Kasia Cichopek, która po urodzeniu synka przeszła metamorfozę i dziś jest sexy mamą, w tym roku święta będzie spędzać w domu.
Ale nie zamierza się przemęczać. Do organizacji świąt podchodzi ze zdrowym rozsądkiem:
– Nie jestem zwolenniczką świąt, które przygotowuje, nie śpiąc po nocach, jedna kobieta i gdy już bogato zastawi stół, nie ma siły na nic innego. U mnie w rodzinie jest dużo kobiet, więc na pewno będę miała dużo pomocy – mówi.
Jeśli chodzi o potrawy, które Katarzyna przygotuje sama, to będzie to najprawdopodobniej pieczony łosoś.

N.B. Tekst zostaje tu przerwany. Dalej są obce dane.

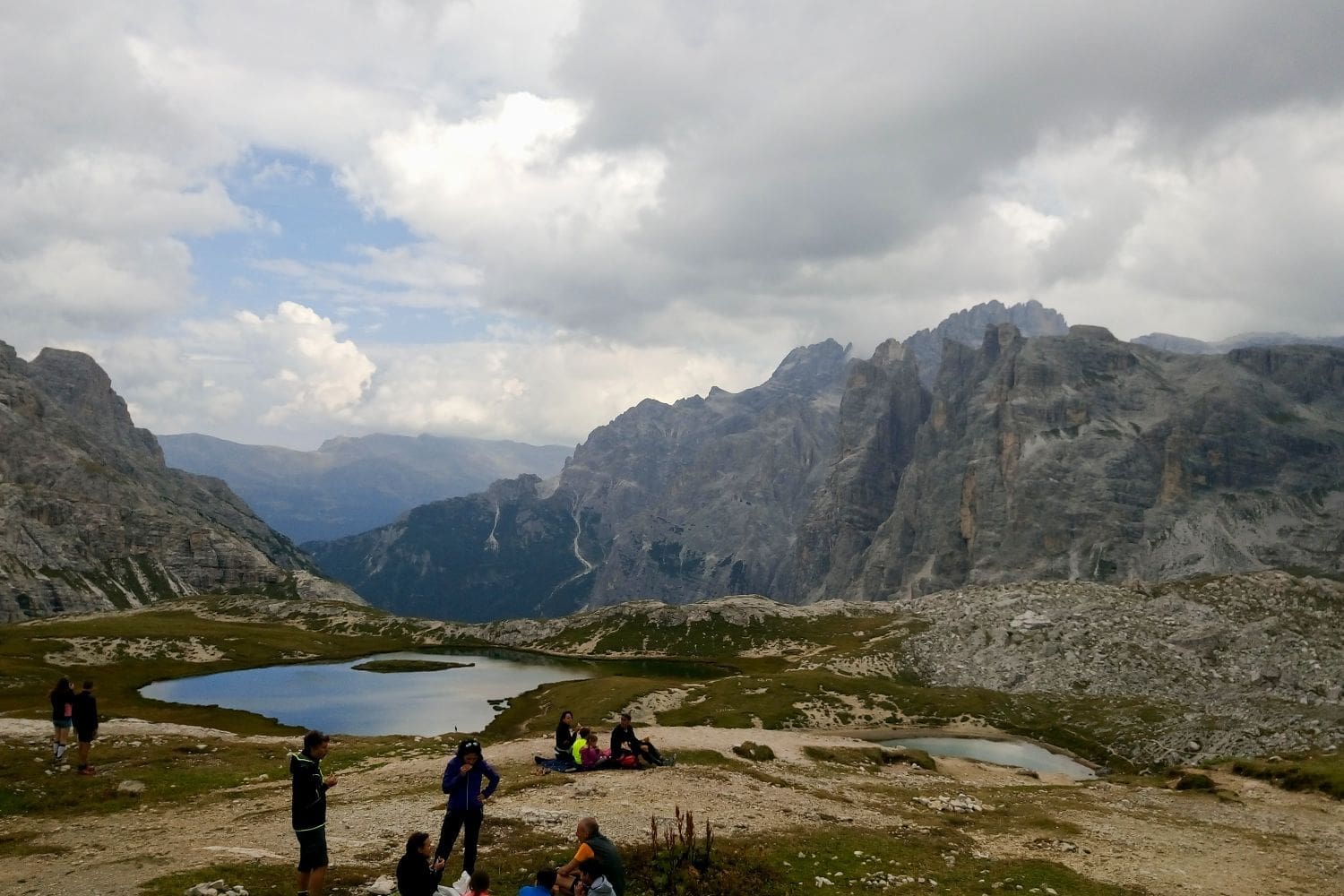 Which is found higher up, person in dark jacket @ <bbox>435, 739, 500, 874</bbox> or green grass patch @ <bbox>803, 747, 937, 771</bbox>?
person in dark jacket @ <bbox>435, 739, 500, 874</bbox>

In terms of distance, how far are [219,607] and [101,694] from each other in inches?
4166

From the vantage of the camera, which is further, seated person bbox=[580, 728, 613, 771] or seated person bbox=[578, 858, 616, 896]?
seated person bbox=[580, 728, 613, 771]

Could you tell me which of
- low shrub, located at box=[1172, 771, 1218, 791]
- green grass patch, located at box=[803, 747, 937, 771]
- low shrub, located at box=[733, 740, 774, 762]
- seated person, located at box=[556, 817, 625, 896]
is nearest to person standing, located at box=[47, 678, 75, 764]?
seated person, located at box=[556, 817, 625, 896]

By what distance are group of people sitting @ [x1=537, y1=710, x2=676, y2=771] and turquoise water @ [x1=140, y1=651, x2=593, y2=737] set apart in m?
40.8

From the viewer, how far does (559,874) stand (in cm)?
1673

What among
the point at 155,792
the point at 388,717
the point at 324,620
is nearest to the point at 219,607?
the point at 324,620

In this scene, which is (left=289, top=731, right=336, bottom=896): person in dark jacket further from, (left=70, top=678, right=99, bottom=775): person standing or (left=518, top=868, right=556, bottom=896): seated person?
(left=70, top=678, right=99, bottom=775): person standing

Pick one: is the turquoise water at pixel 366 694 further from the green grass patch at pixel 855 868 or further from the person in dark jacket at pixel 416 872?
the person in dark jacket at pixel 416 872

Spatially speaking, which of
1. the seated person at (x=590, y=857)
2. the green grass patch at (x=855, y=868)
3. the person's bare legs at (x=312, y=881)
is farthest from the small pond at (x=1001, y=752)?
the person's bare legs at (x=312, y=881)

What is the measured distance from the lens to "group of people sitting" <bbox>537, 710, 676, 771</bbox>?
35.3m

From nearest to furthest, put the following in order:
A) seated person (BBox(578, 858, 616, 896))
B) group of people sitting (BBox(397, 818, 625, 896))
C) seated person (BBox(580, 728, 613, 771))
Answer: group of people sitting (BBox(397, 818, 625, 896)), seated person (BBox(578, 858, 616, 896)), seated person (BBox(580, 728, 613, 771))

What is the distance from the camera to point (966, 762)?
57.8m

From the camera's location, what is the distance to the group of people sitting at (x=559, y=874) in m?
16.0

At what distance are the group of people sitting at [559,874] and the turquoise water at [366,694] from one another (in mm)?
59721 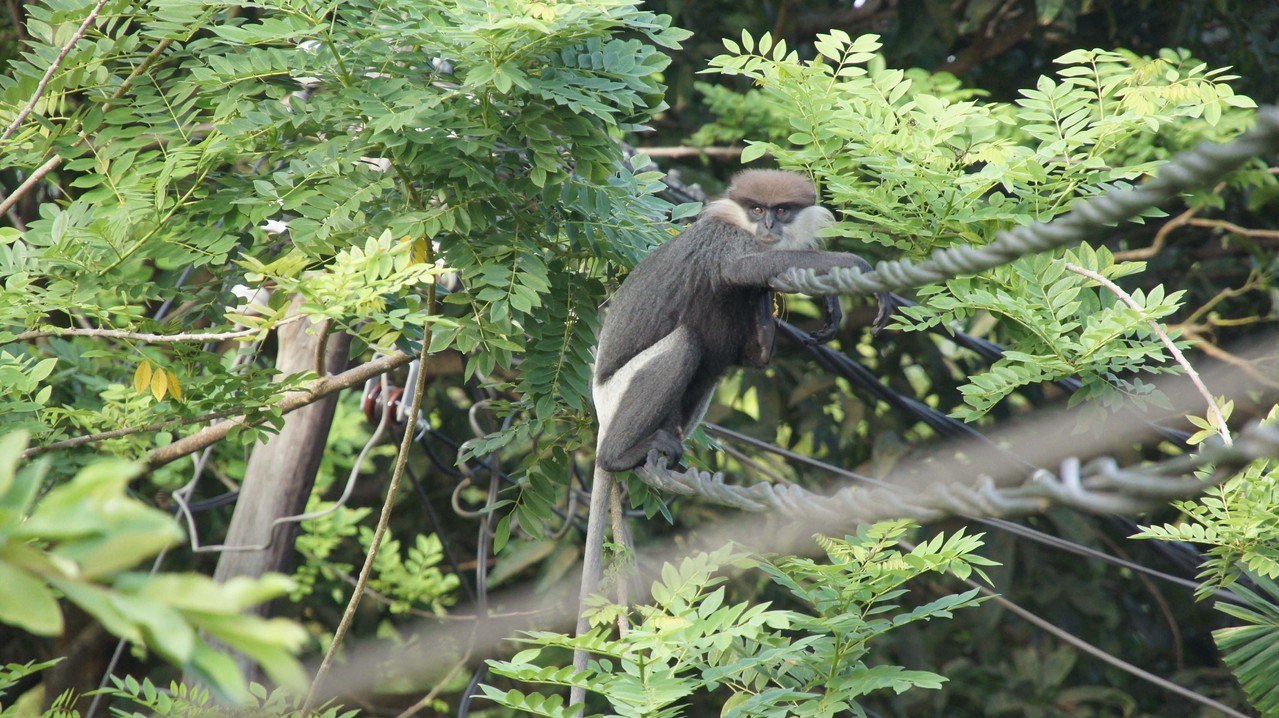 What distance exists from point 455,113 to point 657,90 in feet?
1.92

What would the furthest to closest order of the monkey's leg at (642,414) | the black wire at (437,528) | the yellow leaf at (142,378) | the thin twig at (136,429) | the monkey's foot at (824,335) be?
1. the black wire at (437,528)
2. the monkey's leg at (642,414)
3. the monkey's foot at (824,335)
4. the thin twig at (136,429)
5. the yellow leaf at (142,378)

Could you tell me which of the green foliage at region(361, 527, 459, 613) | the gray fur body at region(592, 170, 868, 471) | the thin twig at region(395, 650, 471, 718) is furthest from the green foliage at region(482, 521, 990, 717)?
the green foliage at region(361, 527, 459, 613)

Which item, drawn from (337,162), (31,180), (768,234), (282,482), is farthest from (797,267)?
(31,180)

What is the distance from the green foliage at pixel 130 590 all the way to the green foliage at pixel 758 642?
1511mm

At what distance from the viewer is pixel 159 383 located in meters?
3.12

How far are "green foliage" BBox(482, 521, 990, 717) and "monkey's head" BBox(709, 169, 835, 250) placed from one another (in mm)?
1199

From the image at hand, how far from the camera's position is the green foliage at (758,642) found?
2447mm

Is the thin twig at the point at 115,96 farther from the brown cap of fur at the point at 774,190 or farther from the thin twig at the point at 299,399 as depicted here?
the brown cap of fur at the point at 774,190

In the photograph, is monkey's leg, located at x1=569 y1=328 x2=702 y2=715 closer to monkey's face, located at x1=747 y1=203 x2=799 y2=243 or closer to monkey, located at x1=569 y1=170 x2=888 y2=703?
monkey, located at x1=569 y1=170 x2=888 y2=703

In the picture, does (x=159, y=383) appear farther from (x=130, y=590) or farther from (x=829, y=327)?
(x=130, y=590)

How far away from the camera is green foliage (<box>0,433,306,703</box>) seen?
920 mm

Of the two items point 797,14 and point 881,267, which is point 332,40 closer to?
point 881,267

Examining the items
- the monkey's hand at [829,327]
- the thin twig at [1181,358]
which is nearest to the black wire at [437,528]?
the monkey's hand at [829,327]

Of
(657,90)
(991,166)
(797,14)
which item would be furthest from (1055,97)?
(797,14) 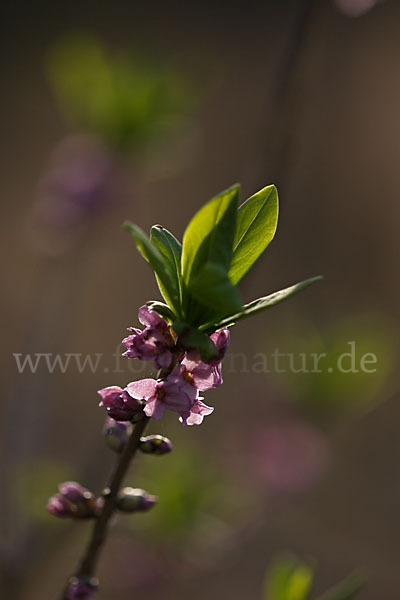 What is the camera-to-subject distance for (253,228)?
72 cm

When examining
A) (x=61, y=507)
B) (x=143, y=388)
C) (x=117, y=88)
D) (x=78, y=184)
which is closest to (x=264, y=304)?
(x=143, y=388)

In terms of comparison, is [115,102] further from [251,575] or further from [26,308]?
[26,308]

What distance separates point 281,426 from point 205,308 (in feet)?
6.18

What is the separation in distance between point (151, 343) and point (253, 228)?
0.17 metres

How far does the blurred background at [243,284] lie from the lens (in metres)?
2.16

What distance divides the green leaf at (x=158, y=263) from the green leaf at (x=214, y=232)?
36 mm

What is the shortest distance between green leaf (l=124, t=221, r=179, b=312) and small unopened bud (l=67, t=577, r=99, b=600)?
1.19 feet

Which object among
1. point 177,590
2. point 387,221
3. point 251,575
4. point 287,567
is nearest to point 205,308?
point 287,567

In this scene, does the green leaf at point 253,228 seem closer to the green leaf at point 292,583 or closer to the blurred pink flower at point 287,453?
the green leaf at point 292,583

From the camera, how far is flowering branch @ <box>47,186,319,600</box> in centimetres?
67

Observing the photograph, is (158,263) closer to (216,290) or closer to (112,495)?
(216,290)

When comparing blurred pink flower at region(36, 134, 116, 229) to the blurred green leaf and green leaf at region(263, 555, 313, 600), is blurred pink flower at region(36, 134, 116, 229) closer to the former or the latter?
the blurred green leaf

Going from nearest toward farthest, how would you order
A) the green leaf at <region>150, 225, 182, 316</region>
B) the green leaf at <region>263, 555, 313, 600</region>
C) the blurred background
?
the green leaf at <region>150, 225, 182, 316</region>, the green leaf at <region>263, 555, 313, 600</region>, the blurred background

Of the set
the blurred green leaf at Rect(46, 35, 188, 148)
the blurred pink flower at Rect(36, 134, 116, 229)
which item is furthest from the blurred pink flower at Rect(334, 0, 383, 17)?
the blurred pink flower at Rect(36, 134, 116, 229) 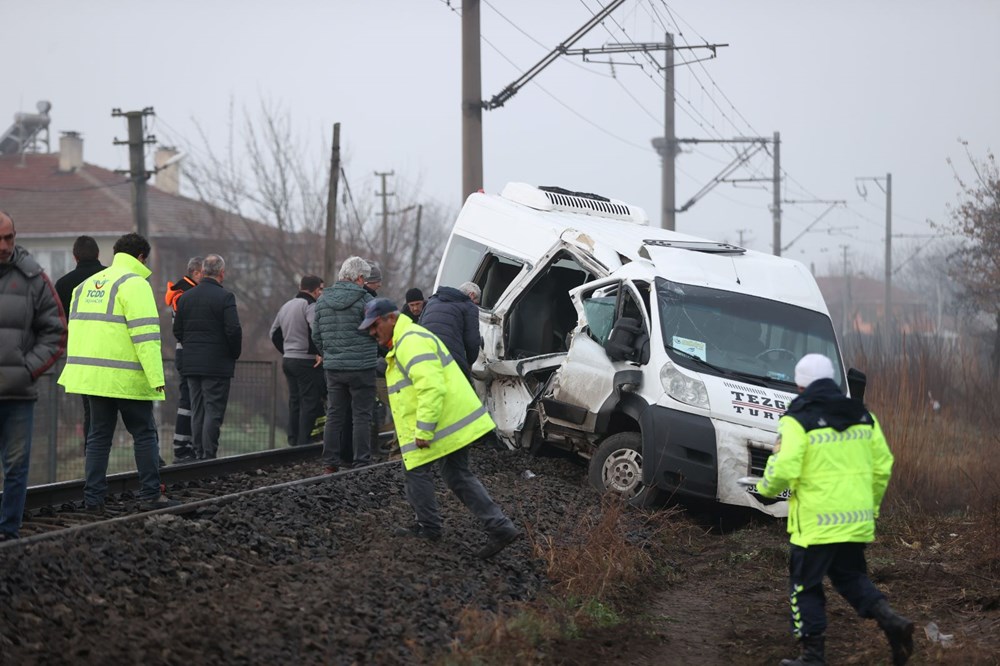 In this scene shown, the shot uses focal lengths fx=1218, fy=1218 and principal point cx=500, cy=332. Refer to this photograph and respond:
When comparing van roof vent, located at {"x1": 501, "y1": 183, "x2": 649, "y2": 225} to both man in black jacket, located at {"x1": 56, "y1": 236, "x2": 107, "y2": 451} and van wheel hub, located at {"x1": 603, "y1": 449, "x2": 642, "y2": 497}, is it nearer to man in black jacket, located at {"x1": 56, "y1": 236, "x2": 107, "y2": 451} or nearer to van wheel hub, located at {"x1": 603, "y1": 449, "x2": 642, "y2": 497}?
van wheel hub, located at {"x1": 603, "y1": 449, "x2": 642, "y2": 497}

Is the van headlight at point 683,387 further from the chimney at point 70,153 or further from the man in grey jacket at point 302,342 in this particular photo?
the chimney at point 70,153

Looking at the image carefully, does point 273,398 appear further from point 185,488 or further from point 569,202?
point 185,488

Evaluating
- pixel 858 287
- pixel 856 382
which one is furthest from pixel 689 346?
pixel 858 287

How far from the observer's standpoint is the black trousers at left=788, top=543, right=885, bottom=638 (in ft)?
21.1

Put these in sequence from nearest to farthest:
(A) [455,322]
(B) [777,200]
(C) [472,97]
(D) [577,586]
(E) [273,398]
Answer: (D) [577,586], (A) [455,322], (E) [273,398], (C) [472,97], (B) [777,200]

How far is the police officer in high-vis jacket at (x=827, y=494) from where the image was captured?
20.9 feet

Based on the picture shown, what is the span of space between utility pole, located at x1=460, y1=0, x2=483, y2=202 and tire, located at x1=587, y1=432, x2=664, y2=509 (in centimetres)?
806

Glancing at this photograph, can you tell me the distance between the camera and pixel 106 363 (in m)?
8.51

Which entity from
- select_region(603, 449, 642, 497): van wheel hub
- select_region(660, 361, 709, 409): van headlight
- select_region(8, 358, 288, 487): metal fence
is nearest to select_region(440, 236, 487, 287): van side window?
select_region(8, 358, 288, 487): metal fence

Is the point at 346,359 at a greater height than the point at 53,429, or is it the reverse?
the point at 346,359

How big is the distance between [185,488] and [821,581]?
6.08m

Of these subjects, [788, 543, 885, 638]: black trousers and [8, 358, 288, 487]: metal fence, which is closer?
[788, 543, 885, 638]: black trousers

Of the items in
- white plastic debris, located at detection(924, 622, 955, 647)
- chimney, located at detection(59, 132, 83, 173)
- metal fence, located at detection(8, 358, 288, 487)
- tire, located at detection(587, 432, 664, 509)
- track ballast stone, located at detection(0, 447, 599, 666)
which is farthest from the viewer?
chimney, located at detection(59, 132, 83, 173)

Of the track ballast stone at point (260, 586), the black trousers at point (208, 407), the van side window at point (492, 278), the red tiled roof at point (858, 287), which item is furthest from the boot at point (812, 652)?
the red tiled roof at point (858, 287) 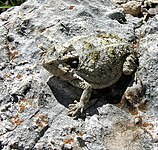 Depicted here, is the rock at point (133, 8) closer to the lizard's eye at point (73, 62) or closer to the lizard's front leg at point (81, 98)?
the lizard's eye at point (73, 62)

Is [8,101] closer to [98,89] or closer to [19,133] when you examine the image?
[19,133]

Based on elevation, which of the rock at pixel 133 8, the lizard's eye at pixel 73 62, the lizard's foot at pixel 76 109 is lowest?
the lizard's foot at pixel 76 109

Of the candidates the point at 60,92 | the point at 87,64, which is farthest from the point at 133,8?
the point at 60,92

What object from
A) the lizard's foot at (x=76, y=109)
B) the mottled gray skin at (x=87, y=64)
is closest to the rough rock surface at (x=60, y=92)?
the lizard's foot at (x=76, y=109)

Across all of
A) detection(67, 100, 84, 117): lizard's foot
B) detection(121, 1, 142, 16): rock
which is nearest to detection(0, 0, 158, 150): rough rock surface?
detection(67, 100, 84, 117): lizard's foot

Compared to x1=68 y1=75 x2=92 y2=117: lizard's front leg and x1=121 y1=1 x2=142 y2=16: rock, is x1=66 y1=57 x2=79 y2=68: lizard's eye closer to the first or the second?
x1=68 y1=75 x2=92 y2=117: lizard's front leg

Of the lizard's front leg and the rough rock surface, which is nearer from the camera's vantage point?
the rough rock surface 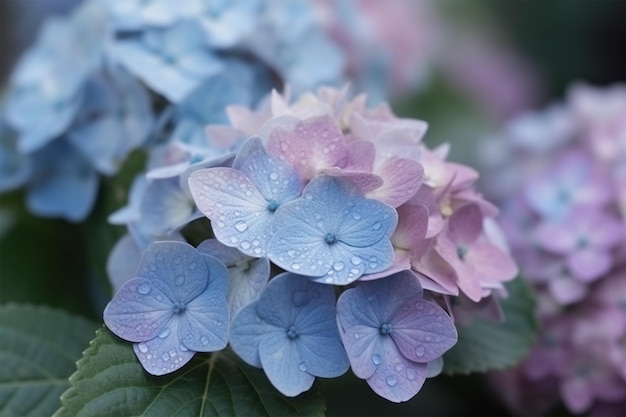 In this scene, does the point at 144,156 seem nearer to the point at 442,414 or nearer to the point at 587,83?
the point at 442,414

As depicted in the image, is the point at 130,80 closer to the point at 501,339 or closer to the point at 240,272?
the point at 240,272

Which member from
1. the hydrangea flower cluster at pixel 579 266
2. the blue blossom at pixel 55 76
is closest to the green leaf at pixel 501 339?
the hydrangea flower cluster at pixel 579 266

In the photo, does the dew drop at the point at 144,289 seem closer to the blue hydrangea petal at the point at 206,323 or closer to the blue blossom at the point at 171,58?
the blue hydrangea petal at the point at 206,323

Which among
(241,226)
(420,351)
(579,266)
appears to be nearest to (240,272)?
(241,226)

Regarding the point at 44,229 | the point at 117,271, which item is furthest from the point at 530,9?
the point at 117,271

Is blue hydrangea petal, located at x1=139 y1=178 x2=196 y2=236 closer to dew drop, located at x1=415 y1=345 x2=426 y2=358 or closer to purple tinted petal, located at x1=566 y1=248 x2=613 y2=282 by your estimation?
dew drop, located at x1=415 y1=345 x2=426 y2=358

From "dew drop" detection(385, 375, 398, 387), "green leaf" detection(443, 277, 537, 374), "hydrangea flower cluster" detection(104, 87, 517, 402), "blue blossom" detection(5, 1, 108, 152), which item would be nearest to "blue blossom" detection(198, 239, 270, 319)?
"hydrangea flower cluster" detection(104, 87, 517, 402) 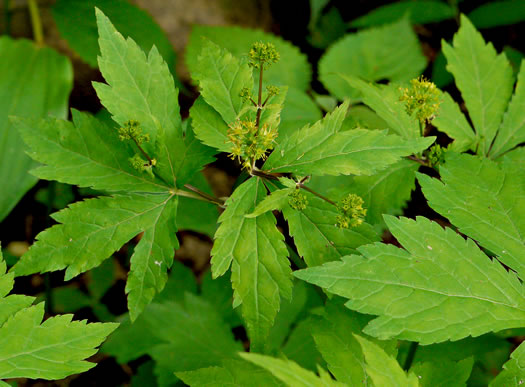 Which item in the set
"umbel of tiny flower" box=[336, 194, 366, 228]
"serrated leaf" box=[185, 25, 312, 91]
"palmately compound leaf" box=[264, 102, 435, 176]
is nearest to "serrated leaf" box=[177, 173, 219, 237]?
"serrated leaf" box=[185, 25, 312, 91]

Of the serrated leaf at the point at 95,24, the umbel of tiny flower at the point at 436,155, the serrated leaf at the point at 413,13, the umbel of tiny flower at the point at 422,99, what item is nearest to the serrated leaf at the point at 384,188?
the umbel of tiny flower at the point at 436,155

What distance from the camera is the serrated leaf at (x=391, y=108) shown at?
5.37 ft

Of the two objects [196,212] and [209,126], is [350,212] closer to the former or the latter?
[209,126]

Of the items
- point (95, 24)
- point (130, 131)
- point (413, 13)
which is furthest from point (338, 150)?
point (413, 13)

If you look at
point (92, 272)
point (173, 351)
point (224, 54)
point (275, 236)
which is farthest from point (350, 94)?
point (92, 272)

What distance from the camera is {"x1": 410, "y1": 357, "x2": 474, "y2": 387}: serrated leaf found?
1.40m

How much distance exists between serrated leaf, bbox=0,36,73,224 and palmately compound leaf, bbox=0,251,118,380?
1212mm

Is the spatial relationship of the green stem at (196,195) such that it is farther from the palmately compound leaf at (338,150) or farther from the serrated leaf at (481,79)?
the serrated leaf at (481,79)

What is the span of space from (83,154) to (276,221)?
63cm

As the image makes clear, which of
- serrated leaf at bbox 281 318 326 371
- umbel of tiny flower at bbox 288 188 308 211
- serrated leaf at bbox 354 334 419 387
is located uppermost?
umbel of tiny flower at bbox 288 188 308 211

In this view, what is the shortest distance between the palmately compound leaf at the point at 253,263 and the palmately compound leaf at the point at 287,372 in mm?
213

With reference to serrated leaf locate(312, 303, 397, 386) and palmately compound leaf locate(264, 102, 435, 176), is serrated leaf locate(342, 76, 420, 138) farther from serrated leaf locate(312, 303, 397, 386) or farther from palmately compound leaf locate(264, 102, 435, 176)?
serrated leaf locate(312, 303, 397, 386)

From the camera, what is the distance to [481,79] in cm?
180

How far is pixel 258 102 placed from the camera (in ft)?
4.52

A żeby pyszności, które zjawią się nas stole rodziny Cichopków, nie weszły w uda i talię, Katarzyna ma plan sposób na spalenie kalorii:
– Na pewno Boże Narodzenie spędzimy aktywnie. Na przykład pójdziemy na bardzo długi rodzinny spacer. Gdy się zażywa ruchu, nie ma się zbyt wiele czasu na jedzenie. Ostatnio znajomych mojej mamy zabraliśmy z Marcinem na kręgle. Wszyscy świetnie się bawili, choć było mało jedzenia. Nie było potem tego nieprzyjemnego uczucia przejedzenia, jak po imprezach spędzonych przy suto zastawionym stole – mówi Kasia.